Cache Invalidation — Senior¶
Axis: ownership — how you own cache freshness end-to-end across a global CDN fleet. The junior/middle tiers taught you how to purge (
PURGE, TTLs, surrogate keys). This tier is about the uncomfortable truth: at scale you cannot rely on purge being correct or fast, so a senior engineer designs the system so that invalidation is rarely needed — and when it is, its failure modes are bounded and observable.
Table of Contents¶
- Responsibilities at This Level
- Why Invalidation Is Hard at Scale
- The Central Reframe: Design So You Never Invalidate
- Immutable Content-Addressed URLs vs Purge
- Versioned Deploys and Atomic Cutover
- Event-Driven Tag Purge From the Data Layer
- The Post-Purge Stampede and How to Absorb It
- Stale-While-Revalidate: Hiding Purge Latency
- Correctness vs Freshness: The Trade-off Space
- Failure Modes: Partial Purge, Purge Storms, Wildcard Blast Radius
- Senior Checklist
1. Responsibilities at This Level¶
- Own the freshness SLO for CDN-served content: define the maximum acceptable staleness per content class (e.g., "product price ≤ 60 s stale", "avatar ≤ 5 min", "hashed JS bundle = never stale by construction") and hold the design to it.
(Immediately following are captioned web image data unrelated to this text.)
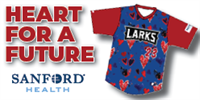 Larks vs. Bull Moose_logo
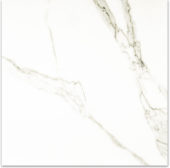 Matte Adoration 24X24 | Glens Falls Tile & Supplies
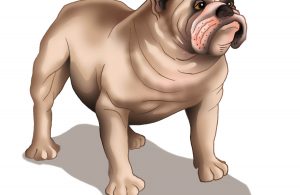 Anjing bulldog adalah salah satu ras anjing tertua di dunia.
- Choose the invalidation model per content class — immutable-versioned, TTL-only, or active purge — with a written justification, not a reflex to "just purge it."
- Guarantee that a purge failure is bounded and observable: a dropped purge must degrade to "content is stale for at most TTL seconds," never "content is stale forever" or "origin melts."
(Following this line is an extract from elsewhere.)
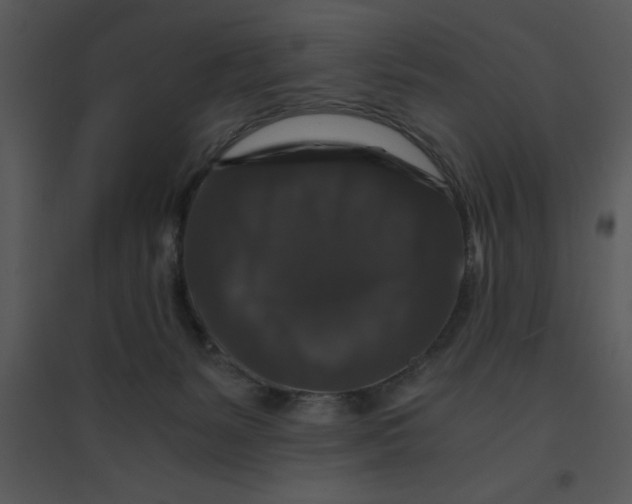 X0000095540127200801041317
- Design the origin's survival during mass invalidation — request coalescing, SWR, and shielding — so that flushing the edge does not become a self-inflicted origin DDoS.
- Lead the review that catches the two classic senior-level mistakes: (1) treating
PURGEas if it were a synchronous, strongly-consistent, cluster-wide transaction, and (2) reaching for a wildcard purge to "be safe" and taking down cache-hit-rate globally.
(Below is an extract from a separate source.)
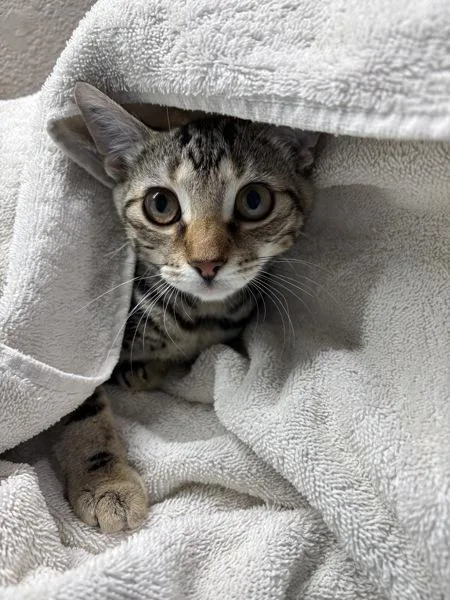 A young small-sized female Domestic Short Hair cat named Choo Choo for adoption in Sherwood, OR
2. Why Invalidation Is Hard at Scale¶
"There are only two hard things in Computer Science: cache invalidation and naming things." — Phil Karlton. The first half is hard for concrete, mechanical reasons.
A CDN is a geo-distributed cache with hundreds of PoPs and thousands of cache servers, each holding an independent copy of your objects. Invalidation means changing the state of every copy. That collides with physics and with the CAP theorem:
-
No strong consistency across the fleet. A
PURGEis a message that must fan out to every edge server that might hold the object. It propagates asynchronously over the CDN's internal network. There is a real, measurable propagation window (typically tens of milliseconds to a few seconds; historically longer for full-catalog invalidations) during which some PoPs serve the new object and some serve the old one. You cannot make this window zero — that would require a distributed lock across the planet on every read. -
Purge is best-effort / eventually consistent. The invalidation is a notification, not a transaction. Individual edge nodes can miss the message (node was rebooting, network blip, message-bus backpressure). Most CDNs give you no per-node acknowledgment that the purge landed — you get "accepted," not "applied everywhere." So you must design assuming some fraction of purges silently fail on some nodes.
-
Fan-out amplification. One logical event ("price changed") can map to thousands of cached URLs (every locale, every device variant, every query-string permutation). The invalidation system must expand that event into the correct URL/tag set — get the expansion wrong and you either miss URLs (stale content) or purge too many (cache-hit collapse).
-
The read path never blocks on the write path. Edge reads are the whole point of a CDN; they must stay fast. So invalidation is inherently a side channel racing against a firehose of reads. During the race, staleness is not a bug — it is the defined behavior.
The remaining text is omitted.